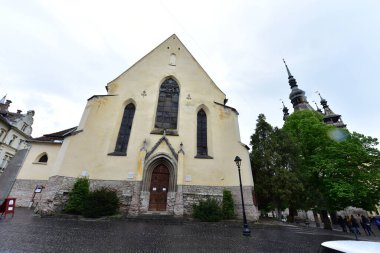 Sighisoara Kalesi 'ndeki Katolik kilisesi İtalyan mimarisinden esinlenerek dekoratif kemerler, Roma rozetleri, çan kulesi ve kabartmalı dikdörtgenli dış alçıdan esinlenilerek seçici bir tarzda inşa edilmiştir.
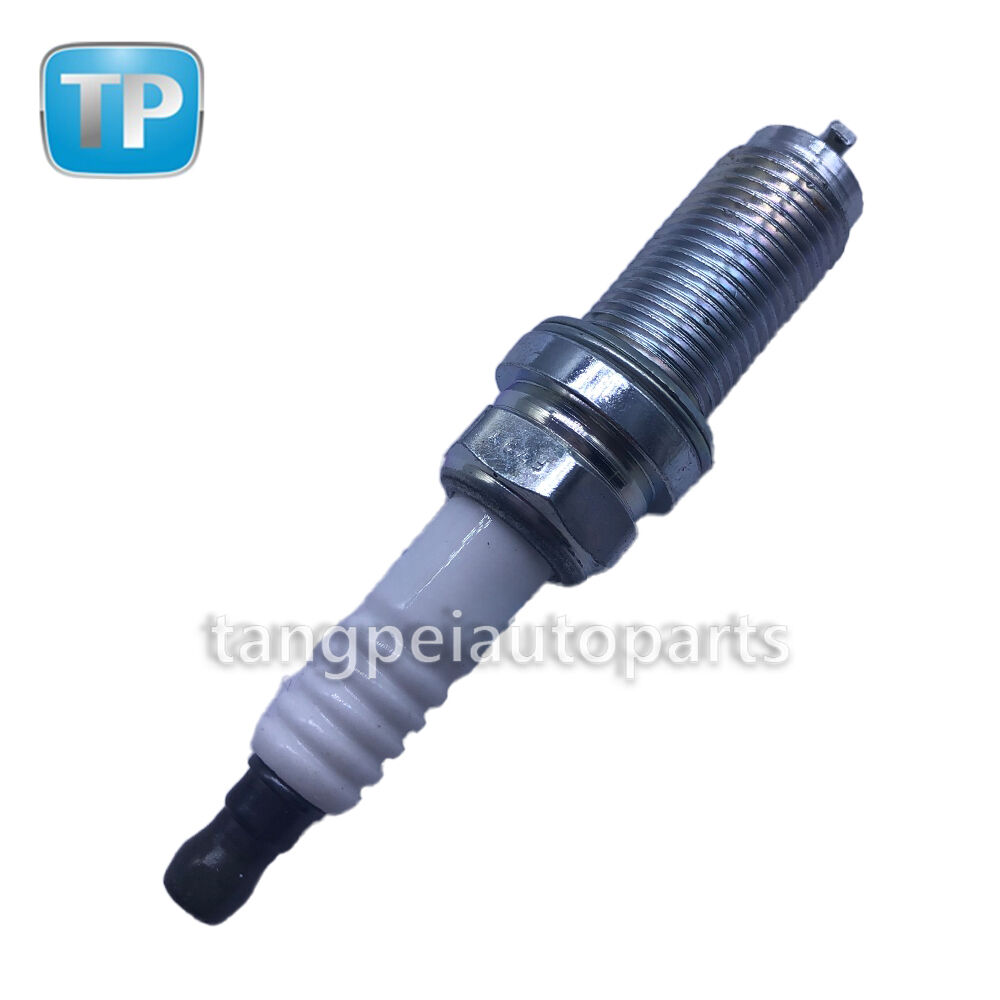 High-Quality Car Engine Spark Plug Suitable for Chrysler OEM SP143877AB-004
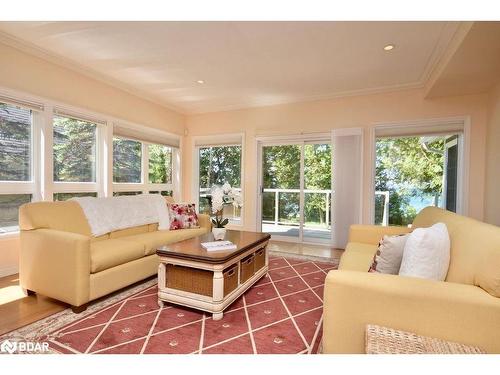 60 Balsam Street, Tiny, ON - Indoor Photo Showing Living Room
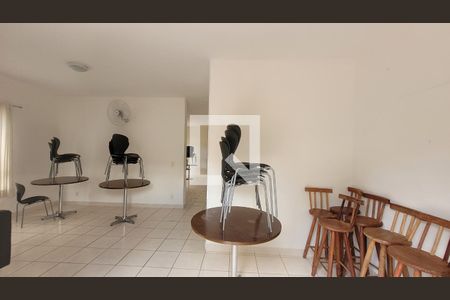 Apartamento à venda com 74m², 3 quartos e 2 vagas Apartamento à venda com 74m², 3 quartos e 2 vagasÁrea comum - Salão de festas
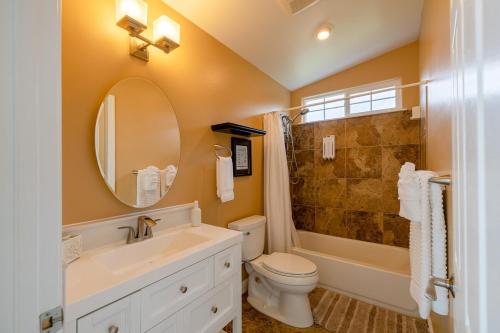 Ένα μπάνιο στο Tropical Retreat GuestHouse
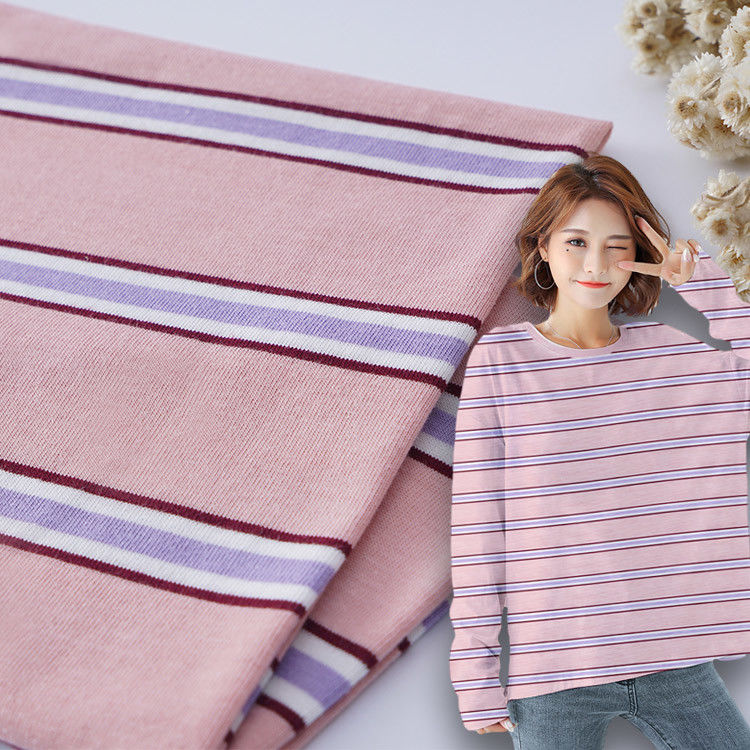 Garn gekleurd Comfortabel, huidvriendelijk en gezond gestreepte katoenen weefsels voor casual wear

=====

» **Exercise prompt**:
Everything from the line with "60 Balsam Street, Tiny, ON" through the last line of the listing above is to be copied exactly, both ends included, except the pictures.

» **Your response**:
 60 Balsam Street, Tiny, ON - Indoor Photo Showing Living Room
 Apartamento à venda com 74m², 3 quartos e 2 vagas Apartamento à venda com 74m², 3 quartos e 2 vagasÁrea comum - Salão de festas
 Ένα μπάνιο στο Tropical Retreat GuestHouse
 Garn gekleurd Comfortabel, huidvriendelijk en gezond gestreepte katoenen weefsels voor casual wear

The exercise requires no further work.